Your Credit Score: What it means
Before lenders make the decision to give you a loan, they must know if you're willing and able to pay back that loan. To assess your ability to pay back the loan, they look at your income and debt ratio. To assess your willingness to repay the mortgage loan, they consult your credit score.
The most widely used credit scores are called FICO scores, which Fair Isaac & Company, a financial analytics agency, developed. Your FICO score ranges from 350 (very high risk) to 850 (low risk). You can find out more on FICO here.
Credit scores only take into account the info contained in your credit reports. They don't consider income or personal characteristics. Fair Isaac invented FICO specifically to exclude demographic factors. Credit scoring was envisioned as a way to assess willingness to repay the loan without considering other irrelevant factors.

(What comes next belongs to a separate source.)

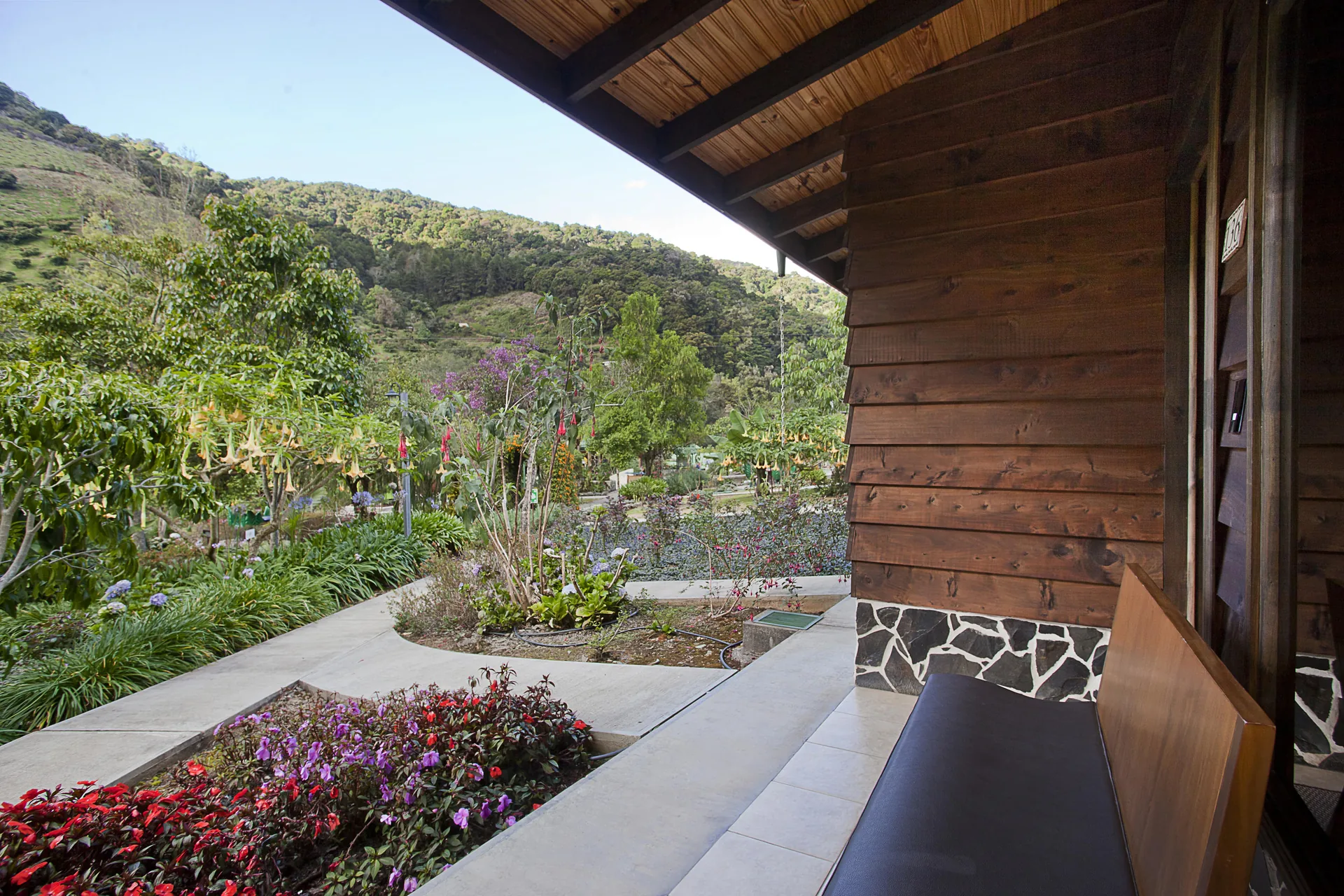 The view from the terrace towards the valley, with the wooden wall and bench to one side and the forested mountains beyond.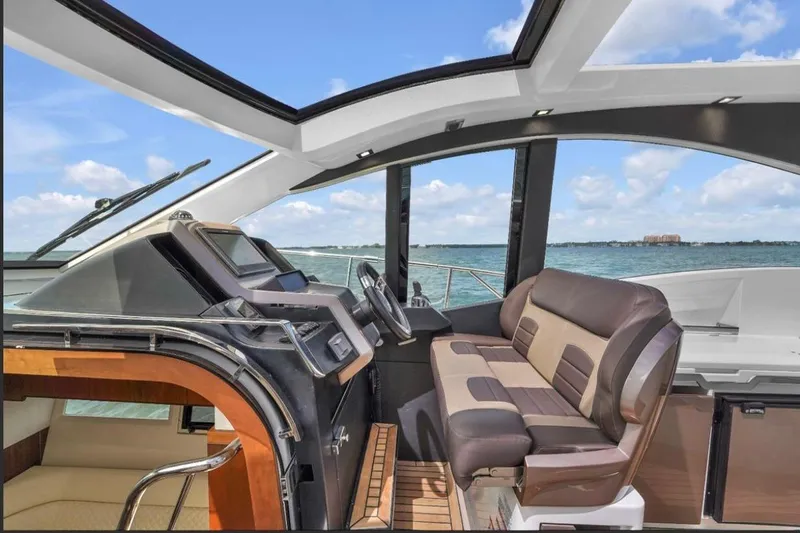 Empire Yacht Photos Pics Interior of 2017 Galeon 445 HTS yacht with modern helm and seating.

Deliquencies, derogatory payment behavior, debt level, length of credit history, types of credit and the number of credit inquiries are all calculated into credit scores. Your score considers both positive and negative items in your credit report. Late payments count against your score, but a record of paying on time will raise it.
Your credit report should contain at least one account which has been open for six months or more, and at least one account that has been updated in the past six months for you to get a credit score. This payment history ensures that there is enough information in your credit to assign a score. Should you not meet the criteria for getting a credit score, you might need to work on your credit history prior to applying for a mortgage loan.